‘It’s a free country,’ we used to say to each other when I was growing up in the 1970s. Usually, it was an indication of tolerant and good-humoured derision that had been preceded by someone else expressing some eccentric taste or allegiance. ‘I support Arsenal,’ or, ‘I’m getting a pair of corduroy trousers.’ Perhaps even, ‘I enjoy listening to Barry Manilow.’
Beneath the joshing was a genuine patriotic pride that we lived in a place where the police would arrest you not for expressing an opinion but for genuine crime, such as theft or violence.
But is this still a free country? The Times reports:
When Maxie Allen complained to his daughter’s primary school about the recruitment process for a new head teacher, he hoped it would result in more openness and transparency. Instead, six uniformed officers from Hertfordshire police were sent to arrest Allen and his partner after the school objected to them sending numerous emails and to their criticisms, including ‘disparaging’ comments on a parents’ WhatsApp group.
Last November, The Daily Telegraph reported:
A Telegraph journalist is facing a ‘Kafkaesque’ investigation for allegedly stirring up racial hatred in a social media post last year. Allison Pearson, an award-winning writer, has described how two police officers called at her home at 9.40 am on Remembrance Sunday to tell her she was being investigated over the post on X, formerly Twitter, from a year ago.
How many more such cases go unreported? It doesn’t need a prosecution for there to be a ‘chilling effect’ on free speech. Maxie Allen is a producer on Times Radio. Allison Pearson is a prominent Daily Telegraph columnist. So in that sense, they are lucky. They are in a good position to persuade their employers to take up their cause – to rely on an acceptance that they are not crazed hate-mongers seeking to incite violence.
We should rely on a country where the authorities uphold rather than threaten freedom of expression. We pride ourselves on our police not being a Gestapo, or a Stasi or the hundred and one other variants from Africa, Asia and Latin America.
It is important not to drift into hyperbole. I have just read a distressing account of Uday Al Rabbay – a young man in Gaza who was kidnapped, tortured, murdered and his body left on his family’s doorstep after protesting against Hamas. That is the way authorities deal with dissent on much of our planet. We are many miles from that. But we don’t want to move an inch towards it. In Hertfordshire and Essex, that has happened.
That is the greatest concern. Though the subsidiary point about resources is also perfectly valid. While the cops are busy descending on Maxie Allen and Allison Pearson, they are ‘too busy’ to bother with shoplifting or the theft of a bike or mobile phone – even when the culprit can be identified.
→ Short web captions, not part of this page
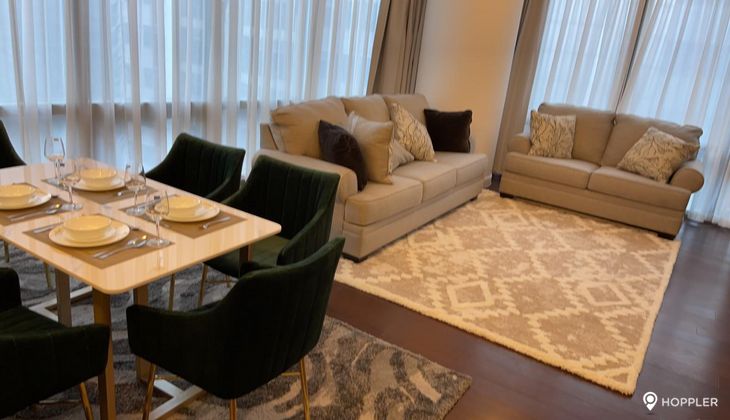"2BR Condo for Rent in The Suites at One Bonifacio High Street, BGC - Bonifacio Global City, Taguig"02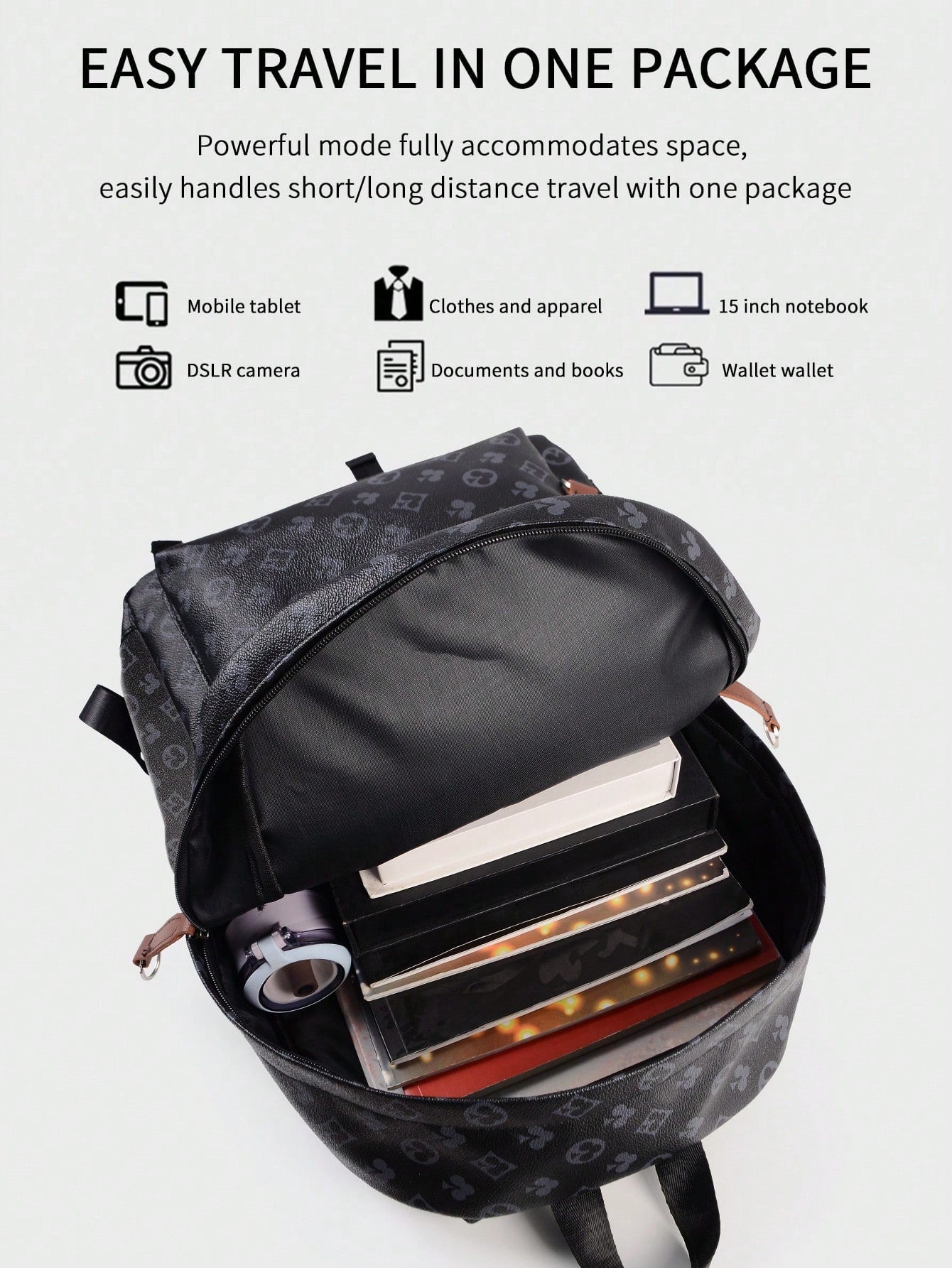 Men's Plum Blossom Backpack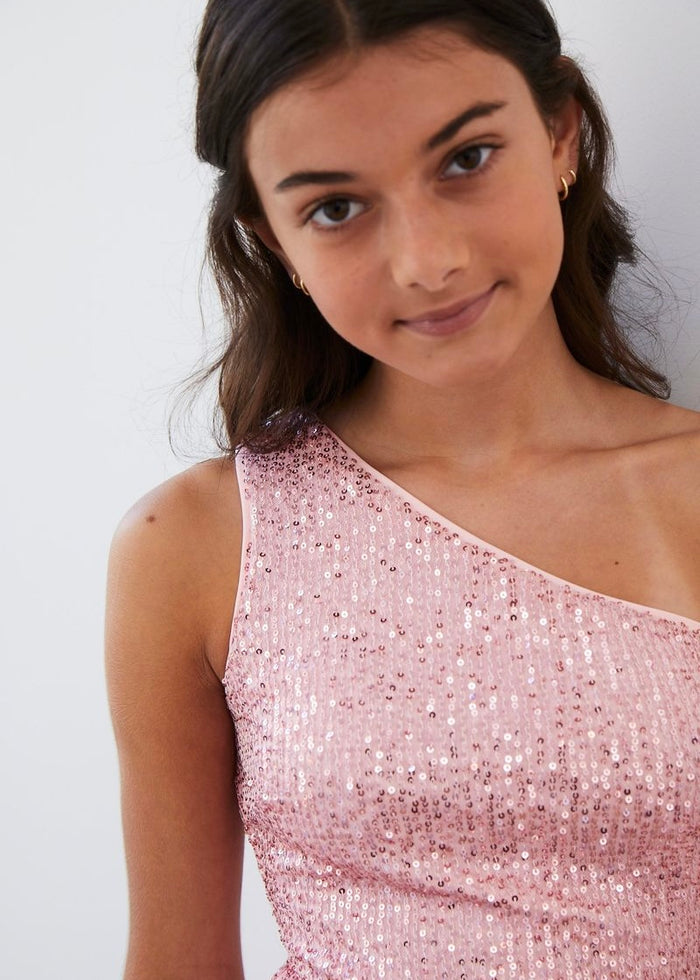 Billie Pink Sequin Dress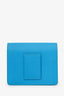Hermès 2021 Blue Frida Evercolor Roulis Slim With Pouch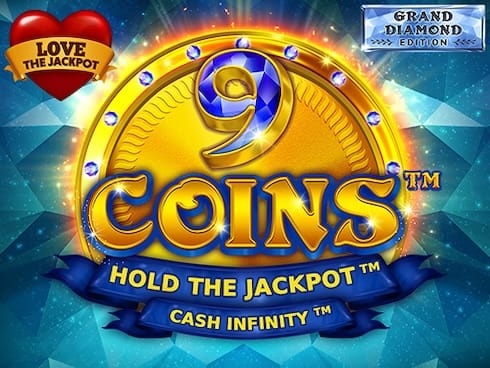 9 Coins Diamond Love the Jackpot icon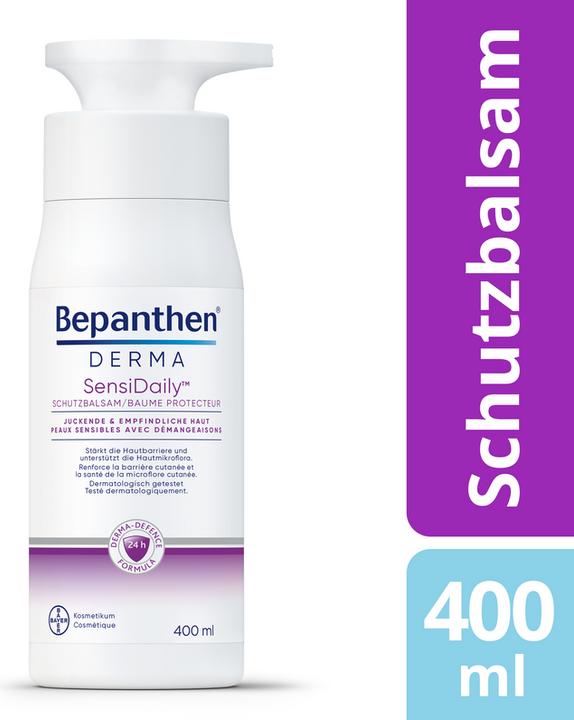 Actual product image Bepanthen Derma SensiDaily Protective Balm (Body cream, 400 ml)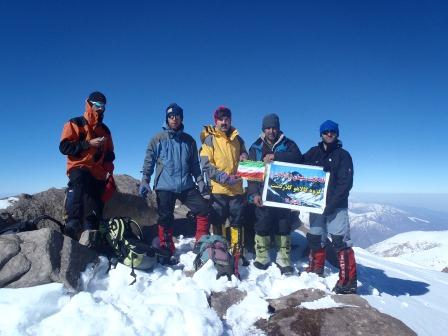 قله تخت سلیمان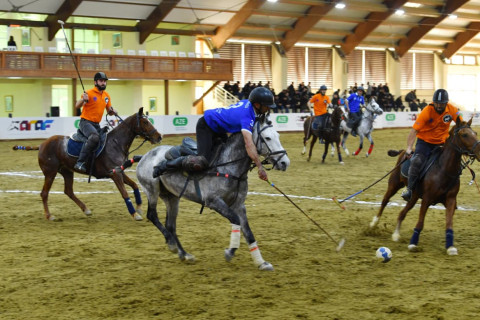 Peşəkar Çövkən Liqasında yeni mövsümə başlanılıb - FOTO/VİDEO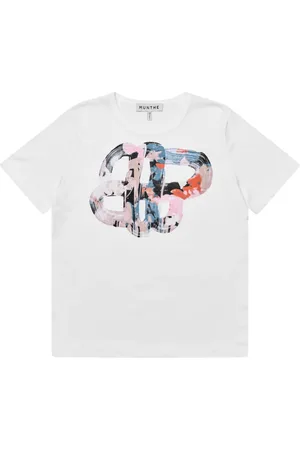 Munthe Mujer, Camisetas, Blanco, Talla: S
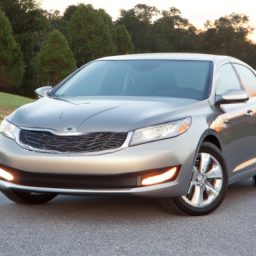 Car model: 2013 KIA Optima (K5)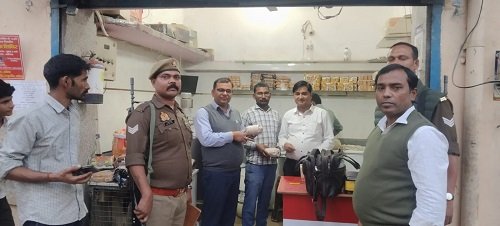 Strict action against adulterated food items before Holi in Ayodhya, 10 samples sent for testing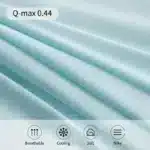 Air Condition Comforter Summer Ice Silk Cooling Blanket Lightweight Smooth Twin Queen King Size Cold Quilt Double Sided Anti Pilling - Image 5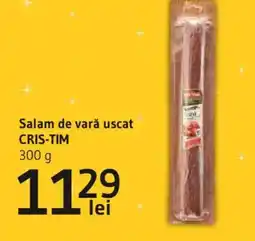 Supeco Salam de vară uscat CRIS-TIM Ofertă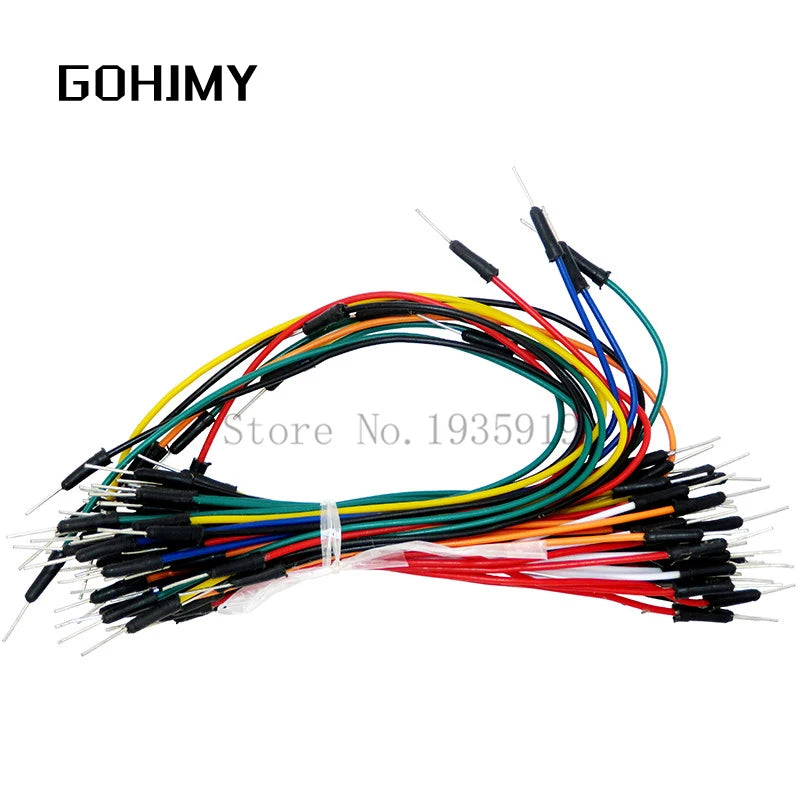 3.3V/5V MB102 Breadboard power module+MB-102 830 points Prototype Bread board for arduino kit +65 jumper wires wholesale GOHJMY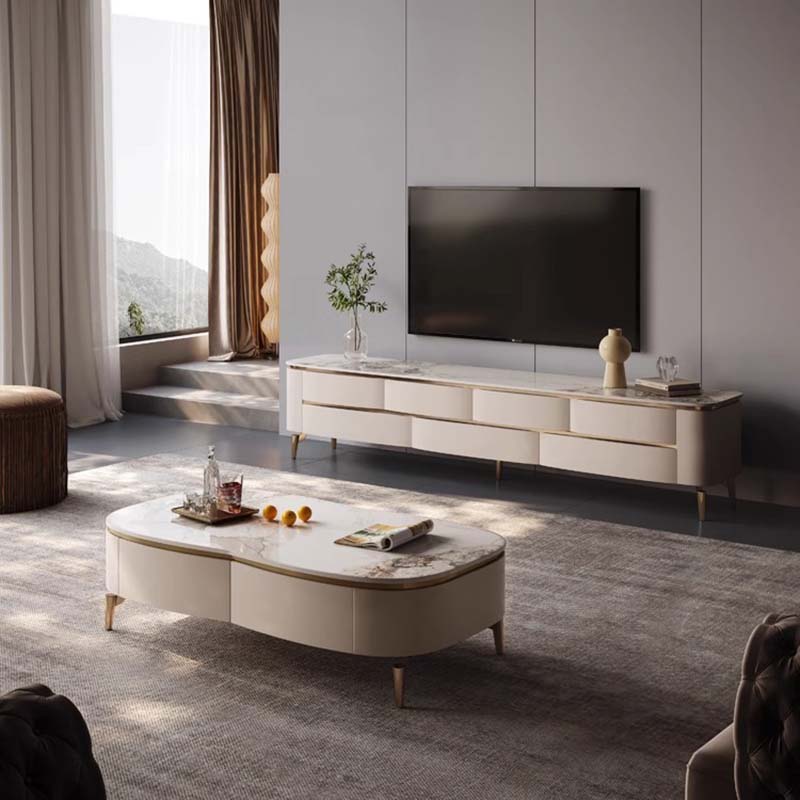 Center Minimalist Tv Table Liv - Tables ulasan dan harga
In Scotland, the situation is even worse. Last year, the Hate Crime and Public Order (Scotland) Act took effect. The police are obliged to respond to transphobia and an array of other thought crimes committed anywhere, including in the family home. Children can report their parents, in a creepy nod to totalitarian horrors.
Most crime is ‘hate crime’ when you think about it. The law should be applied equally in a robust and practical manner without seeking windows into the soul. ‘Non-crime hate incidents’ are still more nonsensical. Yet the prospects of a Government led by Keir Starmer stripping away such absurdities from the statute books seem remote.
That does not mean the situation is hopeless. Police and Crime Commissioners (PCC) don’t decide the law. But they do set local policing priorities within a Police and Crime Plan. Sometimes their role is subsumed into a directly elected Mayor – as applied in London and Greater Manchester. Still, they have authority across England and Wales with a democratic mandate to hold the police to account. They don’t have the power of arbitrary arrest – instructing the police who to arrest or release. Nor should they. However, they can set a framework that reflects the public interest.
Should they feel the chief constable is failing to follow the plan that has been set, there is the power of hire and fire to back it up. Thus far, we have seen consensus rather than confrontation. A quiet word here and there. This has doubtless been of some benefit. Yet it is disturbing that the PCCs have failed to uphold the protection of free speech as an explicit policy. Instead, they have relied on the chief constables to make sure affairs are conducted in a reasonable and common sense manner. That evidently cannot be relied upon.
‘Society needs to condemn a little more and understand a little less,’ John Major once memorably remarked. Perhaps it is time that the PCCs ceased always being apologists for the police and instead faced up to some hard truths. Where the police are intruding on freedom of expression, that should be condemned rather than excused. My understanding is that the powers are there, but the PCCs have been too timid to use them. Naturally, the chief constables thus focus on following the directives of such unelected bodies as the College of Policing and the National Police Chiefs’ Council, giving in to the pressure to follow woke groupthink rather than fight crime.
It is easy to see why Reform UK are the beneficiaries of the resulting public exasperation.